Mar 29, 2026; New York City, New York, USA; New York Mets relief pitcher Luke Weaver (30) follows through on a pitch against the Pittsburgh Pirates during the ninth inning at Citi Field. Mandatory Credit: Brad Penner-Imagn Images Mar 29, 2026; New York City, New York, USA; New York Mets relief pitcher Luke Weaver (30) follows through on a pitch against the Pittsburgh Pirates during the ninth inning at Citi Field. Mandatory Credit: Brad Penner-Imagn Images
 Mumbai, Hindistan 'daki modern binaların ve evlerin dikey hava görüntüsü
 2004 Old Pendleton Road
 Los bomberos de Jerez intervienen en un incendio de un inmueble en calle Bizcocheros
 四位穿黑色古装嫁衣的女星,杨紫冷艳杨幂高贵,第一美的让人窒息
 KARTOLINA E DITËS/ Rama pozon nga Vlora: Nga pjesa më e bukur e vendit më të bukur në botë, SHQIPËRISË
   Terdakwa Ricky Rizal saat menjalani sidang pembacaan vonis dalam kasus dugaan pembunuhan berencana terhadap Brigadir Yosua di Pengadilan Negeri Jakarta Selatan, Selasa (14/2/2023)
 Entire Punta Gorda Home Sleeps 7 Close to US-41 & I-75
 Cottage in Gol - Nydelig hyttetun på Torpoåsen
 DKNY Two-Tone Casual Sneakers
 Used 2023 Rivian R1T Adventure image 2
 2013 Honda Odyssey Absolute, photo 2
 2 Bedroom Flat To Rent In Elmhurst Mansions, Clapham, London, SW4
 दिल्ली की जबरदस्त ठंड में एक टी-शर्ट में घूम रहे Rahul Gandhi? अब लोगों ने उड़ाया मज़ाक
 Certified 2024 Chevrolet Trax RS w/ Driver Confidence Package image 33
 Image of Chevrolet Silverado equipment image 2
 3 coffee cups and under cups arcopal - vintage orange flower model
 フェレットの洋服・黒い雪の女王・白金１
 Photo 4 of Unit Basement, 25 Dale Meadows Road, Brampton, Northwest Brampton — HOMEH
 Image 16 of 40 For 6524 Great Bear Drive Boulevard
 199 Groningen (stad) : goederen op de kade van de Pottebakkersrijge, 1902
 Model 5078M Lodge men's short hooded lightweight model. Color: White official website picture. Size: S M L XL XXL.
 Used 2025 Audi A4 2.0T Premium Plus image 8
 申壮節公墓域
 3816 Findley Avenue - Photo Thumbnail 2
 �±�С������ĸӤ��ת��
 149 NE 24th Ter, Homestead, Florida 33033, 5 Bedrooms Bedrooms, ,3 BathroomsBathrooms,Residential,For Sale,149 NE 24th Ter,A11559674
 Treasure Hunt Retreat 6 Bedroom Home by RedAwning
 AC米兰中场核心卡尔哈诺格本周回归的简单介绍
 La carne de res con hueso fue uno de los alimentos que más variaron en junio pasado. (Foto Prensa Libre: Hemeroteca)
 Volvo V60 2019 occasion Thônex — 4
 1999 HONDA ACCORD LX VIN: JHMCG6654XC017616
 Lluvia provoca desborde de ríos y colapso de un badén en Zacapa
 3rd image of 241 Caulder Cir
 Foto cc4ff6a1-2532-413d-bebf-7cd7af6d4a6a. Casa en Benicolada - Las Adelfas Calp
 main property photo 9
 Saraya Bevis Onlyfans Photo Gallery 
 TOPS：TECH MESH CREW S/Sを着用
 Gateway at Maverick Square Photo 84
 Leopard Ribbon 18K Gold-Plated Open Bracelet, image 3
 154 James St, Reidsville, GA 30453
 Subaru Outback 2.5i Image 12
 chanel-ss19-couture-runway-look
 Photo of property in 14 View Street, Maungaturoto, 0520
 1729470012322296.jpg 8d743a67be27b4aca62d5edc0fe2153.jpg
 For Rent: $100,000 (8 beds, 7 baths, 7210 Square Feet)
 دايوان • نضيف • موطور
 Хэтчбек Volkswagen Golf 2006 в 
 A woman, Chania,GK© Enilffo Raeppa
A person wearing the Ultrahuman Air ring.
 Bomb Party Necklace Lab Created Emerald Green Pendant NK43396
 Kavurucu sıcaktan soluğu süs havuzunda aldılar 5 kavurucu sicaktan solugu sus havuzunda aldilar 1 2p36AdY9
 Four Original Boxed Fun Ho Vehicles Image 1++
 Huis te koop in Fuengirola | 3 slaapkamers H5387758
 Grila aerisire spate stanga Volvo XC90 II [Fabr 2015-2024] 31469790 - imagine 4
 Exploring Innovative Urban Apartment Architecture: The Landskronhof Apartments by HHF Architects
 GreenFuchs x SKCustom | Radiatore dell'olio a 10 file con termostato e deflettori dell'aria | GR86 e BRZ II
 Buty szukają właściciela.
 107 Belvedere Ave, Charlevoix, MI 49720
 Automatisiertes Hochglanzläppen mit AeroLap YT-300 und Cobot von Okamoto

> _Required action_: Above this task is a listing. Restate, word for word and with nothing added, the lines from the one with "2013 Honda Odyssey Absolute, photo 2" through the one with "フェレットの洋服・黒い雪の女王・白金１".

> _Answer to the exercise_:
 2013 Honda Odyssey Absolute, photo 2
 2 Bedroom Flat To Rent In Elmhurst Mansions, Clapham, London, SW4
 दिल्ली की जबरदस्त ठंड में एक टी-शर्ट में घूम रहे Rahul Gandhi? अब लोगों ने उड़ाया मज़ाक
 Certified 2024 Chevrolet Trax RS w/ Driver Confidence Package image 33
 Image of Chevrolet Silverado equipment image 2
 3 coffee cups and under cups arcopal - vintage orange flower model
 フェレットの洋服・黒い雪の女王・白金１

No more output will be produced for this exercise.